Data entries

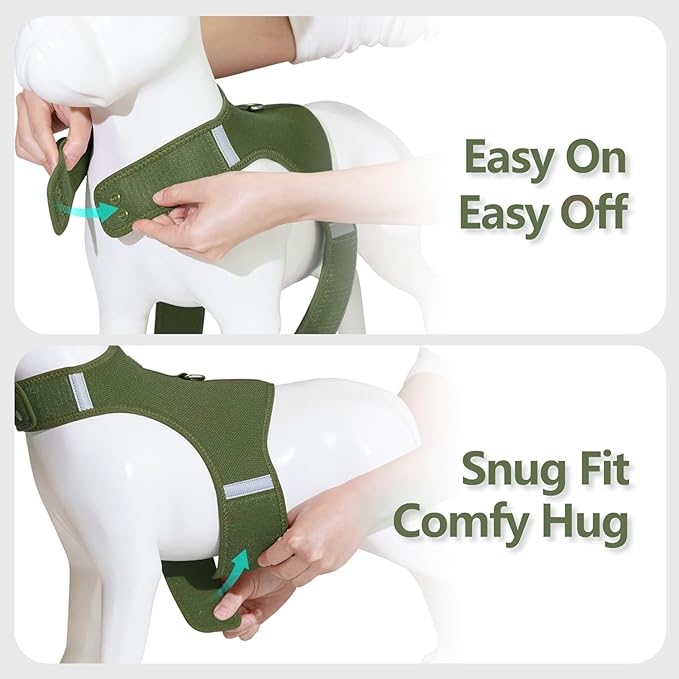 Dog Harness for Puppy – Adjustable Reflective Easy Put On Soft Mesh Vest for Small Dogs with 2 Patches (Misty Green,M)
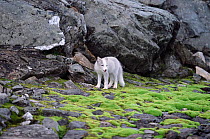 Arctic fox cub in summer {Vulpes lagopus} Kolifjall, Sor Trondelag, Norway  2002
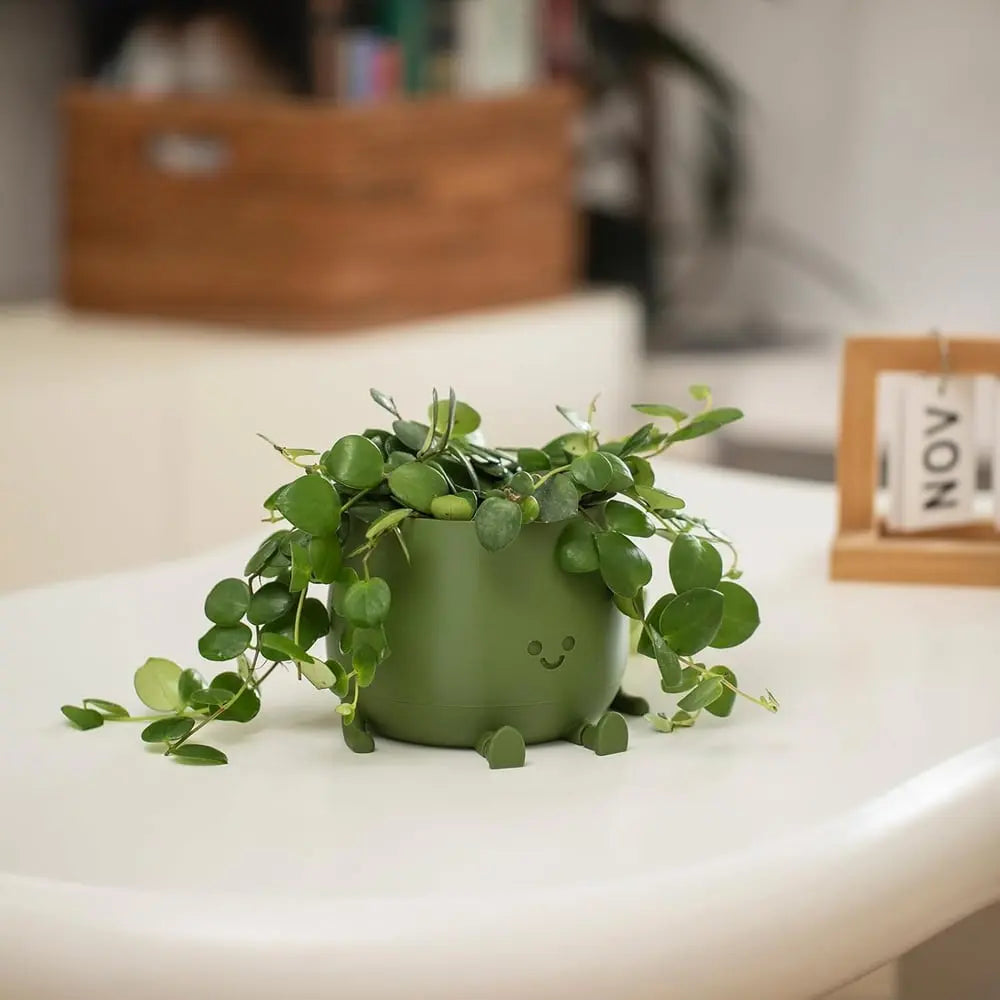 Avtoit | Self-watering Flower Pot – Cute face with flexible legs!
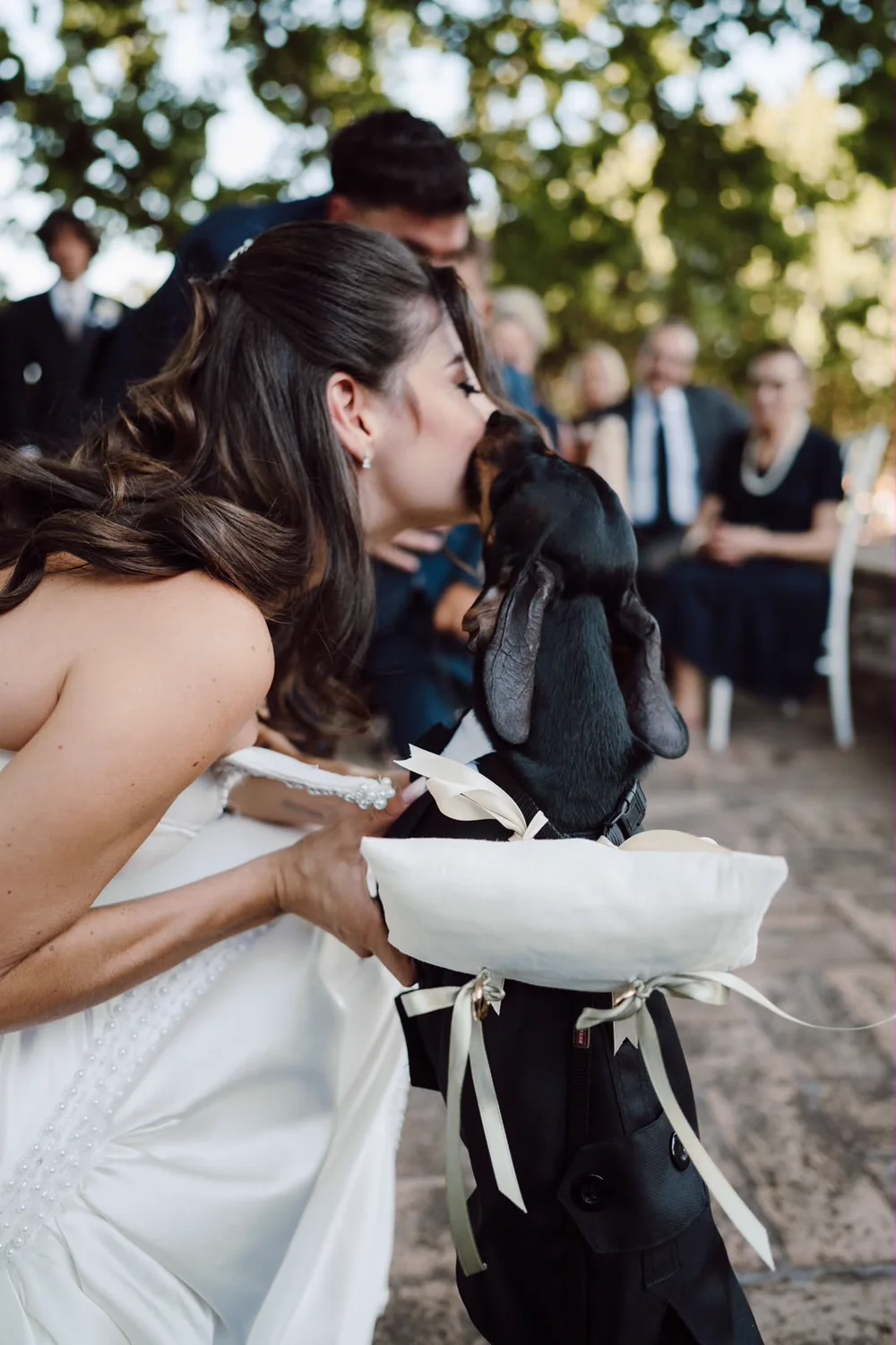 La sposa bacia il bassotto che porta il cuscino delle fedi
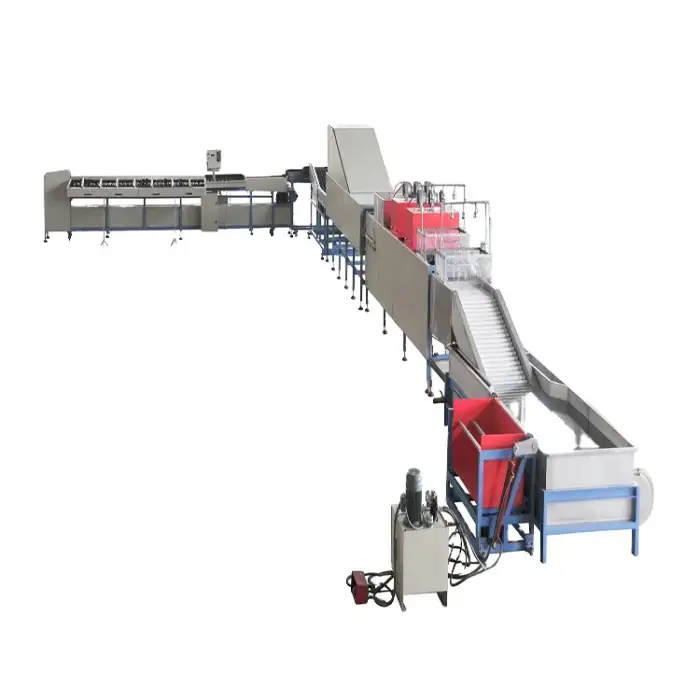 Potato washing drying sorting apple grading machine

### Task details
Print the records verbatim, without pictures.

### Result for this exercise
 Dog Harness for Puppy – Adjustable Reflective Easy Put On Soft Mesh Vest for Small Dogs with 2 Patches (Misty Green,M)
 Arctic fox cub in summer {Vulpes lagopus} Kolifjall, Sor Trondelag, Norway  2002
 Avtoit | Self-watering Flower Pot – Cute face with flexible legs!
 La sposa bacia il bassotto che porta il cuscino delle fedi
 Potato washing drying sorting apple grading machine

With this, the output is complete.